Comments of the Week

From “The 50 Worst Guns of All Time“ Does anyone remember the old Marlin Goose gun with a 36″ barrel? … Continued

From “The 50 Worst Guns of All Time
Does anyone remember the old Marlin Goose gun with a 36″ barrel? Mother of God what a block. It swings like a school bus and weighs about as much as a blue whale. I retired mine to a back corner in the basement where it can rust away for all eternity.

Posted by: Benjamin Kimm | May 17, 2006 at 12:51 PM

From “The 50 Worst Guns of All Time
There’s nothing worse than a rifle that promises exceptional accuracy and looks like a million bucks, yet is manufactured with such sublime sloppiness that it misfires about 15% of the time.

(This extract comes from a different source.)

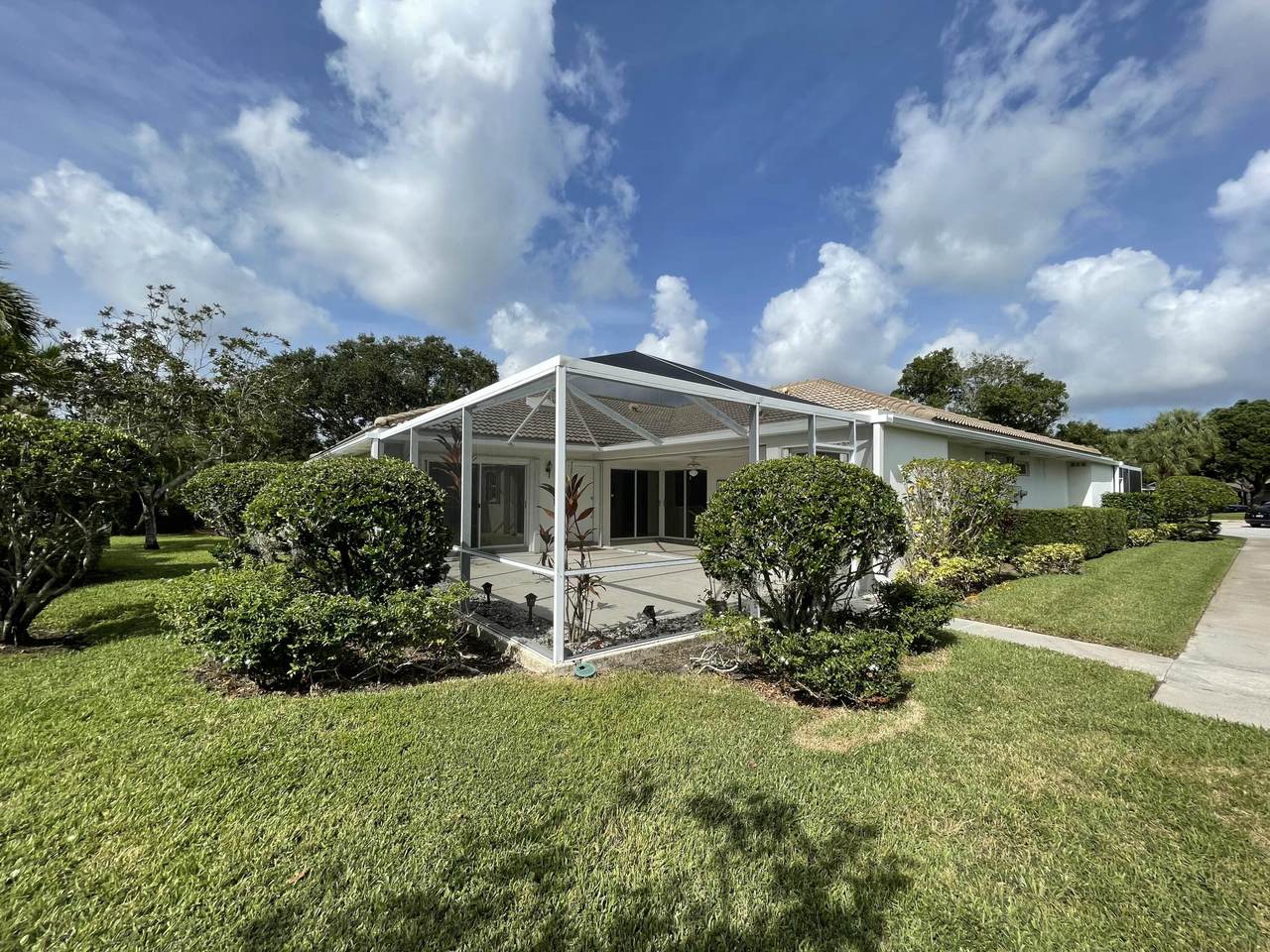 6503 Geminata Oak Court - Photo 1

This rifle has defied all warranty work, laughed at the efforts of 4 different gunsmiths, and could have easily inspired a firearms “lemon law.”

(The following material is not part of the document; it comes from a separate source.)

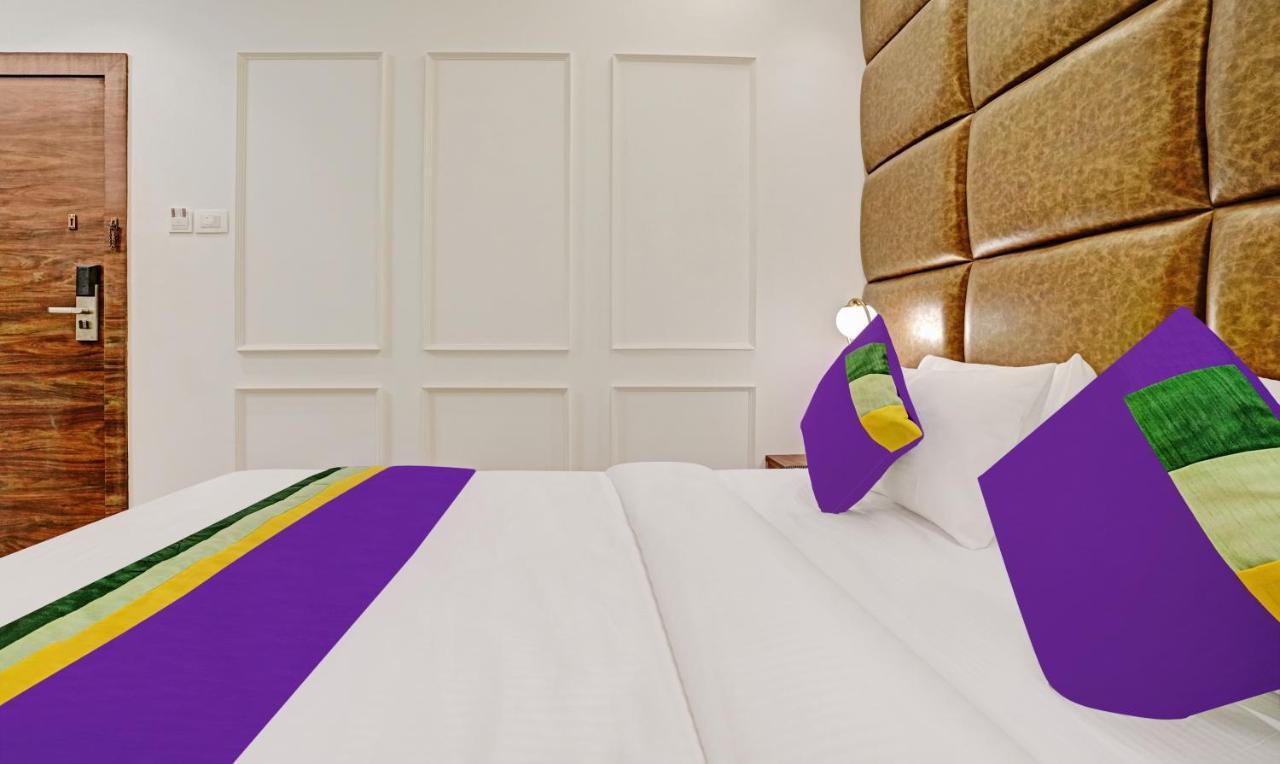 Treebo Premium Widlor Boutique Hotel มุมไบ ภายนอก รูปภาพ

This rifle so bad that selling it would be like spreading a disease. And it’s the real reason why God, in His infinite mercy, created the hacksaw.

We’re talking about my cursed Remington 541-T.

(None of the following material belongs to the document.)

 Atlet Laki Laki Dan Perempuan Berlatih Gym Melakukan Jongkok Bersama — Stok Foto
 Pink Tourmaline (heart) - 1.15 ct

May the fleas of a thousand camels infest the house of Big Green!

Posted by: El-Wazir | May 17, 2006 at 11:30 AM

From “The Guns I Own: The Springfield SOCOM 16
Great toy…if the mission is just marketing…with a nostalgic eye toward affluent plinkers.

The truth is, the M-14s which continue to have real-world relevance “over there” – because of the reach and lethality of their 7.62 round – all have the original-length, longer barrels.

And here’s something else to consider:

With its short, stubby barrel, this new M1A features dramatically increased muzzle blast, which is magnified even MORE by that ear-splitting muzzle brake.

Of course, I realize all of this is probably falling on deaf ears…

Posted by: El-Wazir | May 15, 2006 at 01:19 PM

From “The Real Deal, Part 1: The Story of Finn Aagaard
… Finn wrote as he lived, simply. He was a professional, above all, and his writing reflected this. He never over-romanticized the chase, or the buffalo charge. If he got out of a scrape, he simply told it as it was. His prose was short and sparse but it was full of nutriment. Come to think about it, wasn’t that quality one of the things we liked about Old Jack O’Connor?

I miss the old guy. I miss the old guys.